# Lanlan 2x2 Review



## collinbxyz (Dec 11, 2010)

Does anybody have a review on the lanlan 3x3? My Best friend is starting to cube =] and his mom told me that she was getting him a lanlan 2x2 and 3x3 for Christmas. This is because he borrowed my lanlan 2x2, and I told him where to buy it. So his mom got 2x2 AND 3x3. I can't find any reviews, but I want to know if it is a good beginner's cube. One thing I know is the stickers are weird, but I have extra cubesmith stickers I can give him. Just give me a link, or you could even just write about it. Thx


----------



## feifucong (Dec 11, 2010)

lanlan 2x2 is really good. I like its ABS materials best. But the color of stickers often confused me while cubing.


----------



## collinbxyz (Dec 11, 2010)

Ya I know, I meant lanlan 3x3, that's why I made another post. Thx anyway


----------



## ~Phoenix Death~ (Dec 11, 2010)

If there isn't that many reviews, then don't get the cube.
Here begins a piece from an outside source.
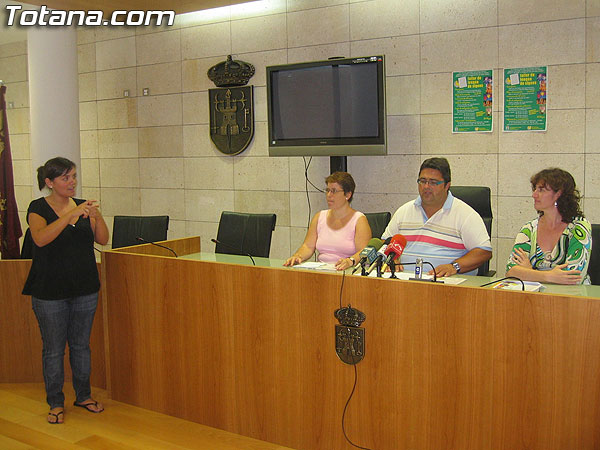 EL SERVICIO MUNICIPAL DE INTÉRPRETE DE LENGUA DE SIGNOS REANUDA SUS PRESTACIONES TRAS LAS VACACIONES ESTIVALES (2007), Foto 1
Get him an Alpha-V, F-II, or GuHong.


----------



## feifucong (Dec 11, 2010)

lanlan 3x3's structure is the same as rubik's. 
The material is also good, very smooth while spinning. 
It's a little bit heavy. 
The color of stickers is also not the same as other cubes if your friend gets a white lanlan 3x3, white stickers will be replaced by black ones.

In general, it is a good beginner's cube.


----------



## ~Phoenix Death~ (Dec 11, 2010)

feifucong said:


> *lanlan 3x3's structure is the same as rubik's. *
> The material is also good, very smooth while spinning.
> It's a little bit heavy.
> The color of stickers is also not the same as other cubes if your friend gets a white lanlan 3x3, white stickers will be replaced by black ones.
> ...


 
If so, get a JSK/clone, Rubik's DIY, or Edison


----------



## collinbxyz (Dec 11, 2010)

~Phoenix Death~ said:


> If there isn't that many reviews, then don't get the cube. Get him an Alpha-V, F-II, or GuHong.


 
I am not getting him it, his mom is. She already ordered. I think I will give him some of my cubesmith stickers, and lubix lube though.


----------



## ~Phoenix Death~ (Dec 11, 2010)

collinbxyz said:


> I am not getting him it, his mom is. She already ordered. I think I will give him some of my cubesmith stickers, and lubix lube though.


 
Oh ok.


----------



## tomzeng (Mar 5, 2013)

Don't worry the LanLan 3x3 is a nice enough cube for beginners. I f you you/he really don't like it , you can always tension it lube it and if that doesn't work mod it.


----------



## applemobile (Mar 5, 2013)

Look at the date :/


----------